Plusieurs réseaux existent au niveau régional. Des associations du Maghreb et du Moyen-Orient publient une déclaration suite à l’incarcération de deux Marocaines mineures, en raison d’un baiser échangé en 2016. Des associations du Maghreb signent un communiqué  pour la décriminalisation de l’homosexualité. MantiQitna est une association qui organise un stage annuel, à destination des militantEs LGBTIQ de la région arabe.

Le boycott de la Pride de Tel Aviv est justifié par divers argumentaires, notamment le fait qu’aucun Palestinien ne peut demander l’asile en Israël, sauf s’il ou elle est homosexuelE, et que les autorités israéliennes se livrent à du chantage vis-à-vis de gays palestiniens, menaçant de les outer pour les contraindre à collaborer. La dénonciation du pinkwashing israélien est récurrente au sein d’associations palestiniennes ou libanaises.

L’idée fait son chemin que ce n’est pas l’homosexualité qui aurait été « importée de l’Occident », mais qu’en revanche, l’homophobie aurait été importée, notamment par des codes pénaux datant de la colonisation et toujours en vigueur. Une adresse à Cameron refuse que soit instrumentalisé l’assassinat d’homosexuels à Mossoul pour justifier une intervention militaire, etc.

Ici et maintenant !

Les Émirats arabes unis et l’Égypte ont légalisé les opérations chirurgicales de réassignation de sexe, pour contrer l’homosexualité. Au Liban, des évolutions positives sont enregistrées au niveau juridique, dues à des décisions individuelles de juges.
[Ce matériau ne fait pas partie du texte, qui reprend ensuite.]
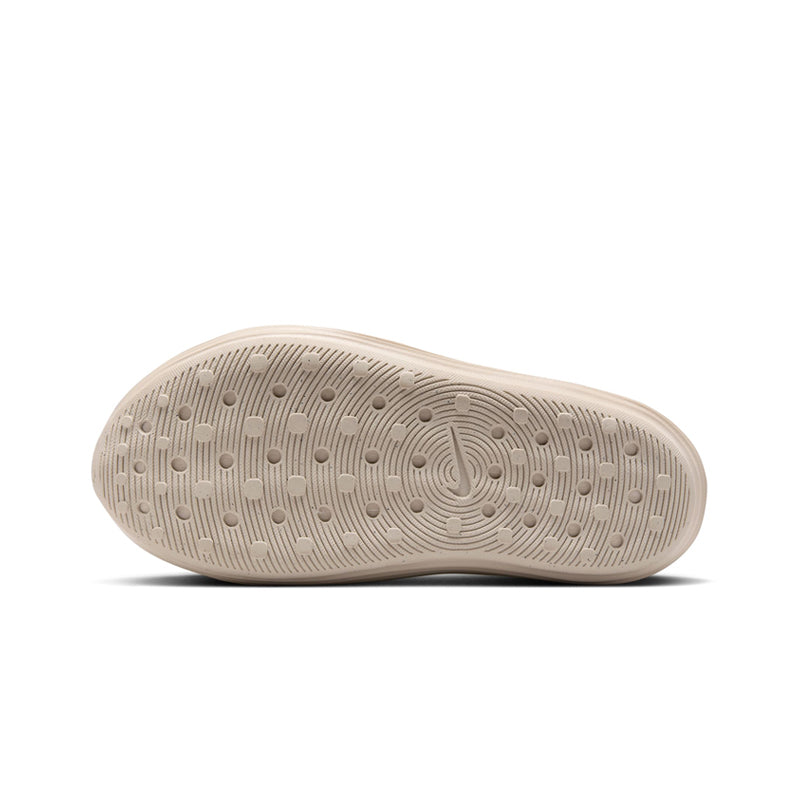 NIKE REACTX REJUVEN8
Généralement, c’est la répression seule qui domine. En plus de la répression qui vise touTEs les LGBTIQ (pénale, sociale, tortures spécifiques), les militantEs et leurs soutiens, voire ceux qui leur donnent la parole (journalistes), sont à leur tour réprimés.

En Tunisie, les autorités répriment l’homosexualité, mais légalisent une association dont les militants sont menacés de mort et agressés. Les autorités yéménites ou omanaises bloquent l’accès à des sites ou blogs LGBT. Les contre-révolutions laminent les espaces militants contraints d’espacer ou de suspendre leurs activités (Libye, Irak, Bahreïn, Syrie, Yémen). 

Des militantEs condamnés à la clandestinité fuient les persécutions perpétrées par les pouvoirs ou les sociétés en direction de l’Europe, où l’orientation sexuelle est désormais un motif de demande d’asile.

L’agression de Zak Otsmane, réfugié algérien de Trans Homo DZ – perpétrée à Marseille en mars dernier par deux légionnaire ou ex-légionnaire qui l’ont violé et torturé, et ont été mis en examen sans que soit retenu le caractère homophobe de l’agression... – est là pour nous rappeler que la solidarité avec les luttes LGBTIQ pourrait bien commencer ici.